В этом более глубоком и обобщающем смысле другое сравнение иллюстрирует регулятивное значение идеи, разумного понятия систематического единства. Идея есть focus imaginarius – точка, которая, хотя рассудочные понятия и не исходят из нее, «все же служит тому, чтобы сообщить им наибольшее единство при наибольшем распространении» [12]. Отсюда, правда, возникает иллюзия, будто направляющие линии рассудка к этому единству разума скорее «исходят от предмета, подобно тому как предметы видятся за зеркальной поверхностью»; однако эта иллюзия обезвреживается осознанием того, что эти идеи соответствуют не свойствам объекта, а интересу разума.
Те логические основоположения, объединенные в принципе систематического единства, суть, таким образом, не просто трансцендентальные, а «субъективные основоположения». А «все субъективные основоположения, которые берутся не из свойств объекта, а из интереса разума в отношении возможного совершенства познания этого объекта» [13], Кант называет максимами.
Трансцендентальная дедукция, допустимая для этих максим, может, следовательно, состоять лишь в том, что они доказывают свою плодотворность как правила, как методологические точки зрения. Спор естествоиспытателей о ценности их принципов разрешается этим решением. У одного «рационалиста» – ибо защищая эти принципы, естествоиспытатель не может избежать этого титула – преобладает интерес многообразия, у другого – интерес единства. Ни одна из сторон не обладает знанием объекта, которое могло бы решить «приверженность». Поэтому эти точки зрения «лучше называть максимами, чем принципами».

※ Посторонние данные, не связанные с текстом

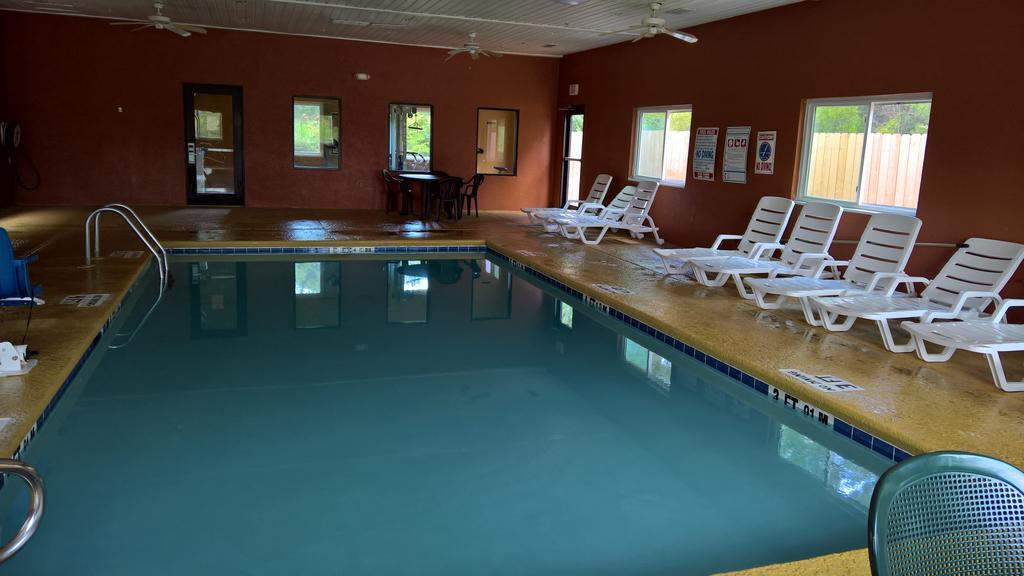 Baymont By Wyndham Cordele Hotel Exterior photo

Как таковые максимы, следовательно, следует оценивать те «законы», как их называли, которые считались прообразами действительного мира, например закон непрерывной лестницы творения. Реальность таких законов состоит в фактической склонности к таким логическим установлениям, а их значимость – в допустимости этой склонности, в интересе разума, которому они служат. Спор «проницательных мужей» об этих максимах Кант выводит «за пределы проникновения в природу объекта». «Это не что иное, как двойной интерес разума, из которого одна сторона принимает к сердцу одно, другая – другое». Если их считать объективными прозрениями, то они «не только вызовут спор, но и создадут препятствия, которые надолго задержат истину» [14], пока спор не будет разрешен критически.

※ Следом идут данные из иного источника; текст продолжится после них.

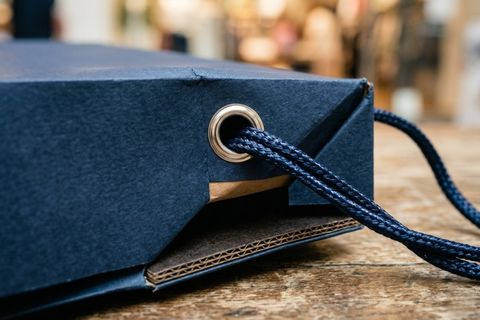 Cấu trúc quai xách và lót đáy cứng khi làm túi giấy đựng quà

Насколько точно спорный вопрос вокруг лозунга монизма затрагивается этим примирением, которое предлагает «Приложение к трансцендентальной диалектике»; насколько точно и с каким отношением к отдельным вопросам разрешается спор, ведущийся под именем дарвинизма, благодаря этому критическому разъяснению – пусть решают исследователи, занятые этими проблемами, поскольку они проникают в критико-познавательное значение этих спорных вопросов [15].